Brief
Set out exactly, line by line, the stretch of data below that begins at the line containing "スバル XV GT 2018" and ends at the line containing "2875 PALM BEACH BOULEVARD #205 3", with both ends kept.
Segment Start: Records
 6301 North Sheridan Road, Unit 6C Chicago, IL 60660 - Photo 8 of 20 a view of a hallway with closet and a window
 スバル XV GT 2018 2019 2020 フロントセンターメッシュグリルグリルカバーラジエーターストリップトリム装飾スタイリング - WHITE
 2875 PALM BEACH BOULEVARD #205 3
Segment End: Records
Segment Start: Records
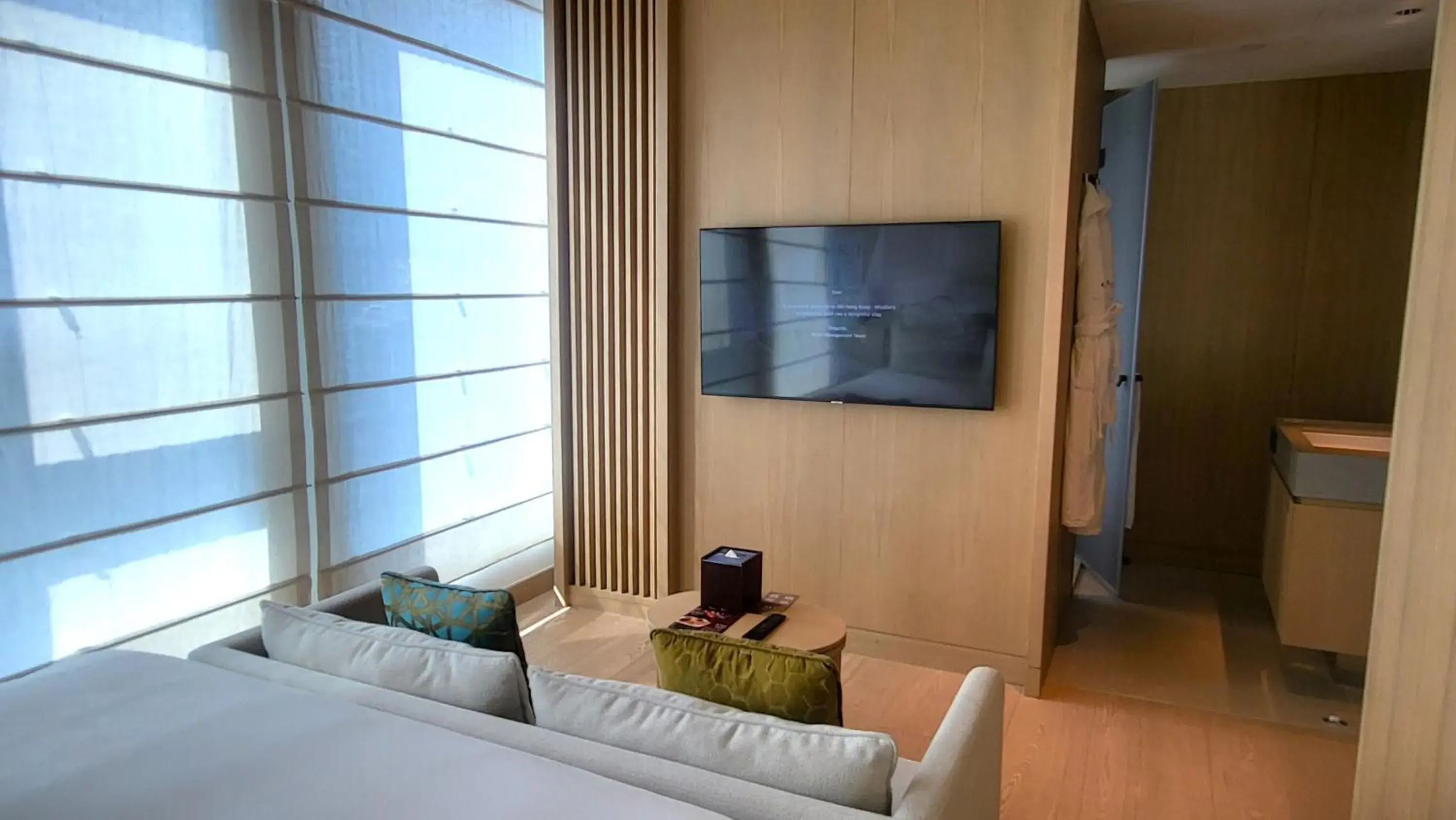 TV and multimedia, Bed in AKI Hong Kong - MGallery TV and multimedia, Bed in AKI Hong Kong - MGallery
Segment End: Records
Answer to this task
 スバル XV GT 2018 2019 2020 フロントセンターメッシュグリルグリルカバーラジエーターストリップトリム装飾スタイリング - WHITE
 2875 PALM BEACH BOULEVARD #205 3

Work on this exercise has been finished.